* [WHAT YOU SHOULD DO]: Your answer should consist only of the line with "MARSİLYAN™- iPhone 12" and the lines after it, reproduced exactly through the end of the entries below.
╭─ DATA UNDER STUDY
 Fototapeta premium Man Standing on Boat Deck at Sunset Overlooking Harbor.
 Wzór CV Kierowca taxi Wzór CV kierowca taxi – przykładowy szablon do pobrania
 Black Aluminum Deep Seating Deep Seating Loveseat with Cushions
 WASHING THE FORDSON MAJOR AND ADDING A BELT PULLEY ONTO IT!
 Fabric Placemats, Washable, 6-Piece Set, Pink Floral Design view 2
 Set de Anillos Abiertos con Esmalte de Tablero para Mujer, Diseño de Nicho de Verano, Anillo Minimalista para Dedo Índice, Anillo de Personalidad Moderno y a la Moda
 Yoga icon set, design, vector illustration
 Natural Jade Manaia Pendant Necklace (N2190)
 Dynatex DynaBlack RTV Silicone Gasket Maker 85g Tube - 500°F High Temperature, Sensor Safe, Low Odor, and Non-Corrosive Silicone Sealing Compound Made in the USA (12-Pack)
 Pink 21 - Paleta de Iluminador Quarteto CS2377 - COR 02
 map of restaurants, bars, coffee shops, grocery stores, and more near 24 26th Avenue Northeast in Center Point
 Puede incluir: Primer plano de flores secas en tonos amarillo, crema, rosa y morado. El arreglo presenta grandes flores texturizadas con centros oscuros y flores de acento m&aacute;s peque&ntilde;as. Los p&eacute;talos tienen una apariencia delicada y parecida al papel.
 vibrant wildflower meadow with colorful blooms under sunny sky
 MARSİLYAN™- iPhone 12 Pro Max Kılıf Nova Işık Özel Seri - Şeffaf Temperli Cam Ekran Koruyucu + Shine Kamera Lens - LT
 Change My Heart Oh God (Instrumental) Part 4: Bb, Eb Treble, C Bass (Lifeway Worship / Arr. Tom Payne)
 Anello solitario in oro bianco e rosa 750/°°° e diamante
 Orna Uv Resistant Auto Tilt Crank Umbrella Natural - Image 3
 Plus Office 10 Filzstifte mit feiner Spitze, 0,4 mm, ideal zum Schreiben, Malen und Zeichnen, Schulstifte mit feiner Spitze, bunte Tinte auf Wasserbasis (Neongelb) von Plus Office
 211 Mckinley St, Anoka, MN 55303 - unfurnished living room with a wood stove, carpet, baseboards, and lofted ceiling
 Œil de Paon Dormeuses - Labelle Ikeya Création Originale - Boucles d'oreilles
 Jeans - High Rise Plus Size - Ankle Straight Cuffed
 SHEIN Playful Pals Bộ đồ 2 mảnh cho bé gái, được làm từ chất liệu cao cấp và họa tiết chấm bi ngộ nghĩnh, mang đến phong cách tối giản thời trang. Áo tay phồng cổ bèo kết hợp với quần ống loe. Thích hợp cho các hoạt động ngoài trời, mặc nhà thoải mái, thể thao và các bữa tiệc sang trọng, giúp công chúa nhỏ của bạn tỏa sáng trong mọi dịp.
╰─
* [RESULT OF THIS EXERCISE]:
 MARSİLYAN™- iPhone 12 Pro Max Kılıf Nova Işık Özel Seri - Şeffaf Temperli Cam Ekran Koruyucu + Shine Kamera Lens - LT
 Change My Heart Oh God (Instrumental) Part 4: Bb, Eb Treble, C Bass (Lifeway Worship / Arr. Tom Payne)
 Anello solitario in oro bianco e rosa 750/°°° e diamante
 Orna Uv Resistant Auto Tilt Crank Umbrella Natural - Image 3
 Plus Office 10 Filzstifte mit feiner Spitze, 0,4 mm, ideal zum Schreiben, Malen und Zeichnen, Schulstifte mit feiner Spitze, bunte Tinte auf Wasserbasis (Neongelb) von Plus Office
 211 Mckinley St, Anoka, MN 55303 - unfurnished living room with a wood stove, carpet, baseboards, and lofted ceiling
 Œil de Paon Dormeuses - Labelle Ikeya Création Originale - Boucles d'oreilles
 Jeans - High Rise Plus Size - Ankle Straight Cuffed
 SHEIN Playful Pals Bộ đồ 2 mảnh cho bé gái, được làm từ chất liệu cao cấp và họa tiết chấm bi ngộ nghĩnh, mang đến phong cách tối giản thời trang. Áo tay phồng cổ bèo kết hợp với quần ống loe. Thích hợp cho các hoạt động ngoài trời, mặc nhà thoải mái, thể thao và các bữa tiệc sang trọng, giúp công chúa nhỏ của bạn tỏa sáng trong mọi dịp.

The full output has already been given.